I can imagine you get a fair share of criticism for your opinions. But unless
you password protect your website and make it request only access, you in fact
have an open invitation to all. A website is like hanging a sign on your door
saying 'this is what I think, please come in and I'll tell you all about it."
I am a perfect example, I was in fact looking for math equations and now your
views are (at least paritally) known to me. Any visitor to your site must be
exposed to your ideas before they can know them (and possibly disagree). All I
mean is that there are many arguments you can use with people who may critcize
you, but that they read the content on you site of their own free will is not a
very good one. 🙂
I sincerely thank you for replying and I will read more about this.
[now anon]
-=- But I can't wrap my mind around an
ethos-=-
If you think of every word you use, you won't be able to berate yourself with the voices of others.
It seems that some of your writing is recitation of things people have told you in the past. Everyone has those little loops of voice in their heads. You can "simply accept" that or you can decide on a case by case basis which ones to keep until you die and which ones to start talking back to.
If you use language without careful examination, you won't be speaking mindfully. School-style responses and reports involve parroting back, sounding confident, using the right buzzwords. But to be truly original and thoughtful, each word needs to be the one word a person really meant to use. It's a different kind of thinking.
-=- I not only believe that you would encourage
people to ask questions about the world around them, but that you would also
encourage them to use their common sense and good judgement when considering
those answers.
-=-
-=-I don't know if skeptical was the correct word for me to use. However, if we do
not ask questions we do not get answers. If we simply accept the answers as
fact, how do we get to the truth?-=-
My volunteer time is put into collecting the good stuff where others can get to it, and participating on discussion lists. You're welcome to join some of those lists (I'm on two, but there are several linked from that help page I sent you), but it would probably be best to wait until you have a child to really spend that kind of energy (and other people's energy).
I do encourage people to ask questions, but you're not going to ask a question someone else hasn't asked in the past dozen years. YES the questions are new to you, and that's how people learn, by running ideas through their own minds and connecting them where they'll fit.
One thing that WILL keep people from assimilating or even considering new information is those voices in the head. If your super-ego (the home of those voices 🙂) gives you a counter-argument for every new idea, it's that zen-teacher teacup situation. ( SandraDodd.com/deschooling )
-=-I can imagine you get a fair share of criticism for your opinions. But unless
you password protect your website and make it request only access, you in fact
have an open invitation to all.
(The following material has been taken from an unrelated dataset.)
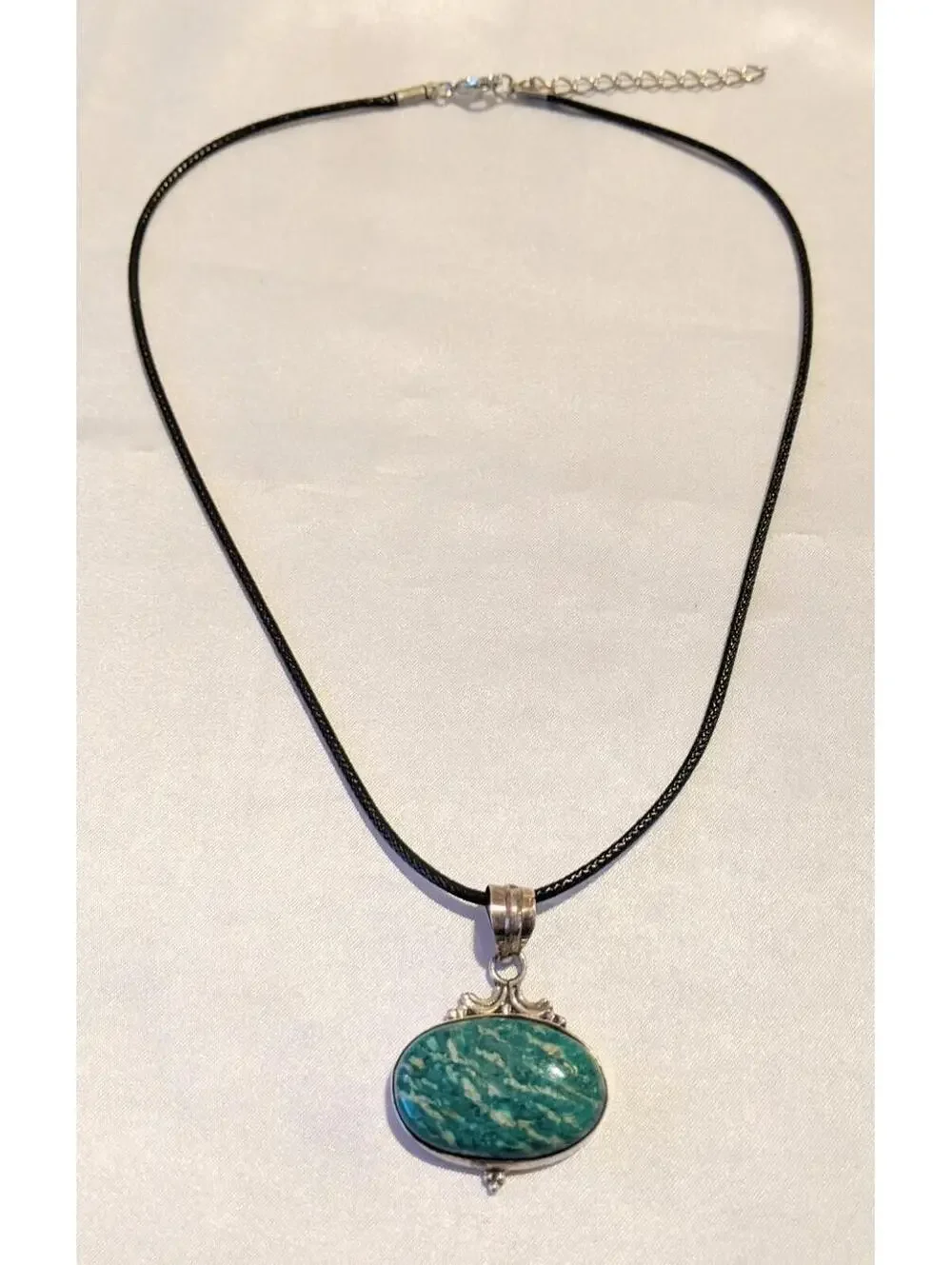 Vintage Siberian Amazonite 925 Sterling Silver Pendant Necklace Handmade NOS - Picture 4 of 7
A website is like hanging a sign on your door
saying 'this is what I think, please come in and I'll tell you all about it."-=-
-=-I am a perfect example, I was in fact looking for math equations and now your
views are (at least partially) known to me. Any visitor to your site must be
exposed to your ideas before they can know them (and possibly disagree).-=-
-=-All I mean is that there are many arguments you can use with people who may critcize
you, but that they read the content on you site of their own free will is not a
very good one. 🙂 -=-
I don't make a cut of "nothing" when someone tries unschooling. When someone unschools instead of buying a $600 (for one child for one year) curriculum, I don't get 20% of what they saved. There's a lot of stuff on the internet. Some is way more useful than other stuff. Some is downright nutty. Same as books in libraries, magazines, documentaries.
-=- On the other hand (as I was discussing with my fiancee) our time
on this earth is finite, when do I stop and smell the roses. As a matter of
fact, when does one allow their children to do that...
-=-
Even when parents do have an inkling of "it" they often screw it up.
There are conditions that make unschooling more difficult to consider. Living in Delaware and Maryland seem really inconvenient. Being of Jewish intellectual families can make it hard, but in such cases go with traditional rabbinical Q&A traditions arguments (works while kids are little, anyway, and later there's direct evidence of progress). Having parents who are science professionals makes it hard. They're too busy and ensconced to want to accept that maybe they had options. The worst things of all are ex-spouses or hostile in-laws. Sometimes the answer is just "No, you can't unschool. Sorry."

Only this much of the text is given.